Internal control

The purpose of internal auditing is to ensure that VVO's operations comply with current legislation and regulations and the company's operating principles, and also that the company's financial and business reporting is reliable. Internal auditing also seeks to safeguard VVO's assets and ensure that its operations are efficient and reliable, enabling the attainment of its strategic goals.

The internal auditing and risk management operating model included in financial reporting is designed so as to gain sufficiently dependable information on the reliability of financial reporting and to ensure that the financial statements are drawn up according to current legislation and regulations.

The VVO internal auditing system is based on the framework published by the Committee of Sponsoring Organizations of the Treadway Commission (COSO).

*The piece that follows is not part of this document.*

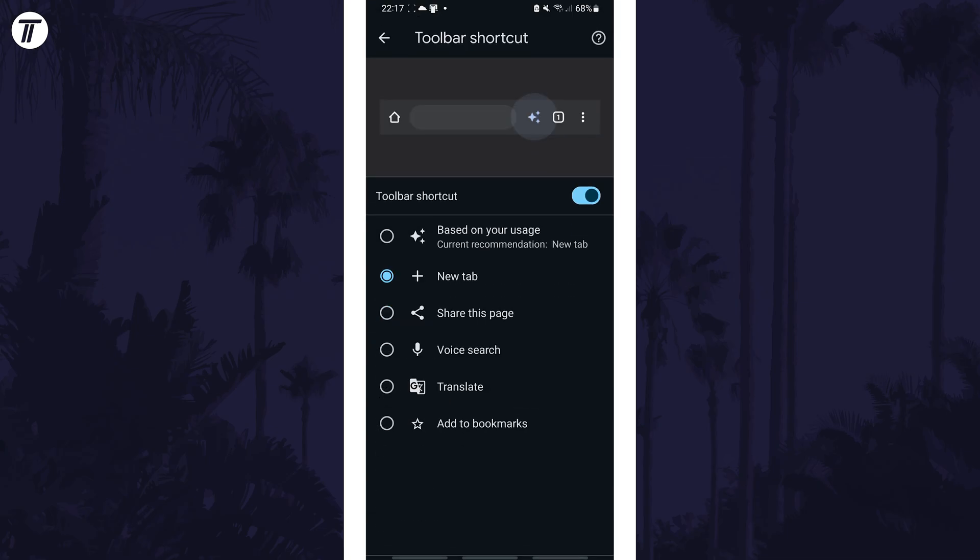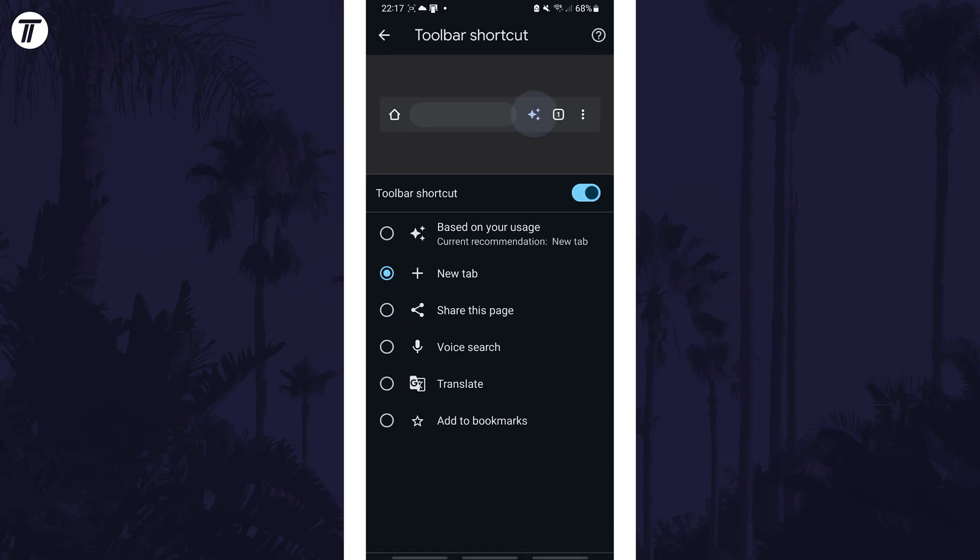Tap on this and then you can add the new tab button to the toolbar by turning on the toolbar shortcut with the toggle switch if it isn't on already and then by checking the box next to where it says new tab.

Organisation of internal auditing is the responsibility of the Board of Directors and the CEO. Responsibility for carrying out internal auditing, however, is shared by the entire organisation: each individual VVO employee is responsible to his/her supervisor for internal auditing in his/her area of responsibility.

Auditing environment

Principal responsibility for internal auditing of financial reporting rests with the Board of Directors. The working order of the Board of Directors outlines the responsibilities of the Board and the division of duties within the Board and among its committees. The principal task of the Audit Committee appointed by the Board of Directors is to ensure that the principles outlined for financial reporting, risk management and internal auditing are complied with and that appropriate contact is kept with the company’s auditors. It is the duty of the CEO to maintain an organisation structure where responsibility, authority and reporting relationships are clearly and comprehensively defined in writing, and to ensure that the internal auditing environment is adequately resourced.

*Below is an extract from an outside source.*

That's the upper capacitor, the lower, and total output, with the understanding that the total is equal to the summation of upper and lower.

Financial reporting is governed by VVO operating principles, HR policy, financing policy, information security policy, accounting principles and reporting instructions.

Risk management

Risk management at VVO is based on the risk management policy adopted by the Board of Directors. Risk management forms part of the company’s internal auditing, its purpose being to ensure that the company’s business goals are attained. Responsibility for providing for risk management rests with the Board of Directors. Risk management is based on risk assessments carried out in connection with the strategy and annual planning processes, which involve identifying the most notable risks, evaluating their likelihood and potential impacts, and agreeing on means to manage them. Changes in the most significant risks in the business environment and business operations are evaluated regularly and reported to the Board of Directors in the quarterly interim reporting. The Group's legal counsel is responsible for the risk management processes.

Auditing measures

The VVO financial and operational reporting process complies with the Group operating instructions and valid process descriptions. The financial management of VVO is responsible for the content of the reporting process and for compliance with instructions. The quality of reporting is ensured through process control measures. These include reconciliation of accounts, system-generated controls, and inspections and other measures undertaken by the management or others. Control functions have designated managers responsible for their sufficiency and efficiency of execution.

Auditing of the reporting and budgeting processes is based on unified VVO reporting principles, drawn up and maintained by the financial management of VVO.